Победу в борьбе за престолонаследие одержал Константин I, который распространил свою власть на всю империю в 323–324 годах. Его династия правила до смерти его племянника Юлиана в 363 году. На первом плане в истории этой династии стоит обращение Константина в христианство и попытка Юлиана отменить реформы своего дяди и восстановить в империи древнеримскую религию. Жизнь и правление Константина скрываются за христианской агиографией и легендами. Не стоит и надеяться узнать, каким был этот человек, и разобраться в его мотивах. Обычно утверждается, что мать Константина была убежденной христианкой: если так, то эта религия была знакома ему с детства. С другой стороны, с середины III века императоры пытались укрепить свое положение, связывая себя с одним из верховных богов и называя себя его наместником. Диоклетиан выбрал Юпитера. Отец Константина, который был помощником (цезарем) Максимиана, верил в Sol Invictus — Непобедимое Солнце. В некоторой степени Константин отождествлял себя с этим божеством даже после обращения в христианство. Но в последние годы жизни и правления его христианская вера становилась все более бескомпромиссной. Разумеется, как любой император, он считал, что политическая необходимость часто пересиливает строгую приверженность религиозной доктрине. Так, христианская вера Константина не помешала ему казнить своего старшего сына.

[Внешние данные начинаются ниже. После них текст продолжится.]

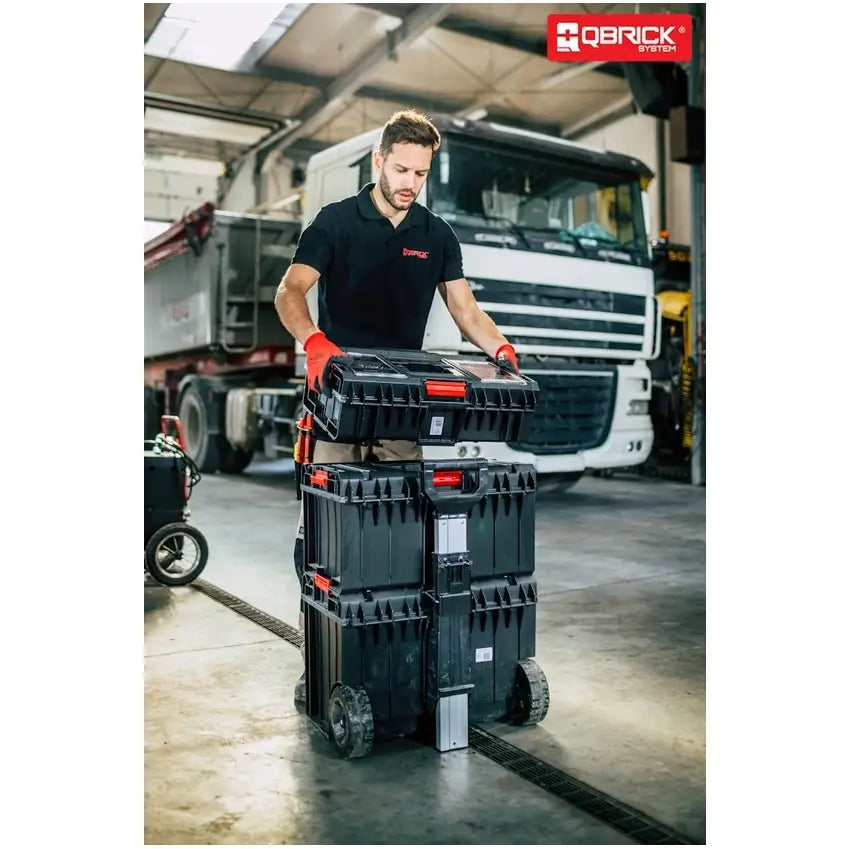 Qbrick System One Cart Techniker Set, trilles på hjul av en mann i verksted med lastebil i bakgrunnen.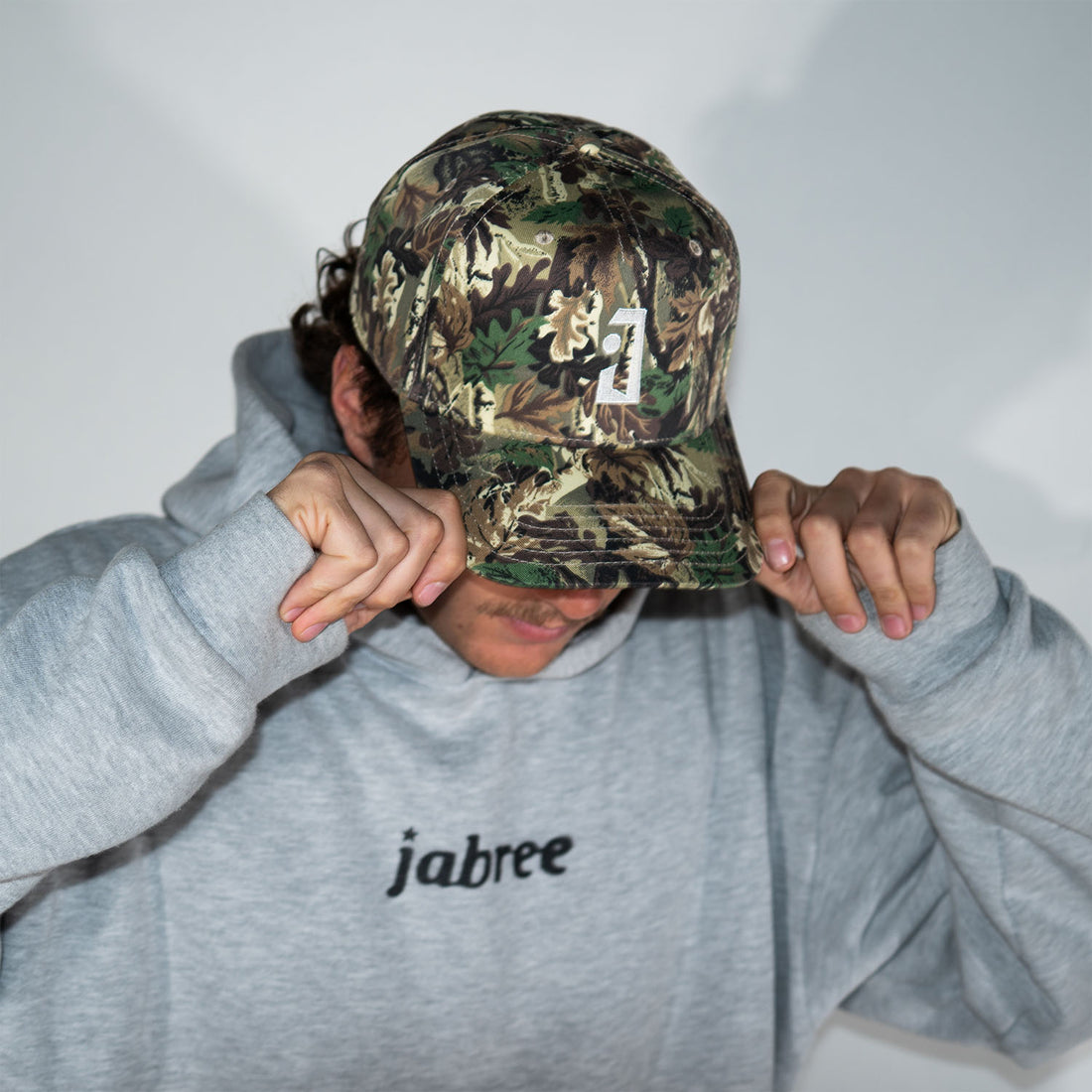 Camo Jab Logo Trucker with white embroidery, front view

Христианам крещение императора и поддержка с его стороны были невероятно выгодны. Тем не менее создание христианской монархии поставило и перед императором, и перед христианскими епископами сложные вопросы, которых не возникало ранее. Возможно, сначала и сам Константин слабо понимал уникальный характер христианской веры, не говоря уже о последствиях возведения христианства в статус основной религии его империи. Христианский монотеизм отличался от любой религии, с которой ранее отождествляли себя римские императоры. Он не мог гармонично сосуществовать с другими религиями не только на земле, но даже в характерной для него версии рая. Еще большую опасность представляли его адепты, которые исповедовали некорректные доктрины. Отказ верным образом почитать истинного Бога неизбежно обрекал людей на вечные муки. Понятия правоверия и ереси играли фундаментальную роль в христианстве, но были совершенно чужды традиционной римской религии.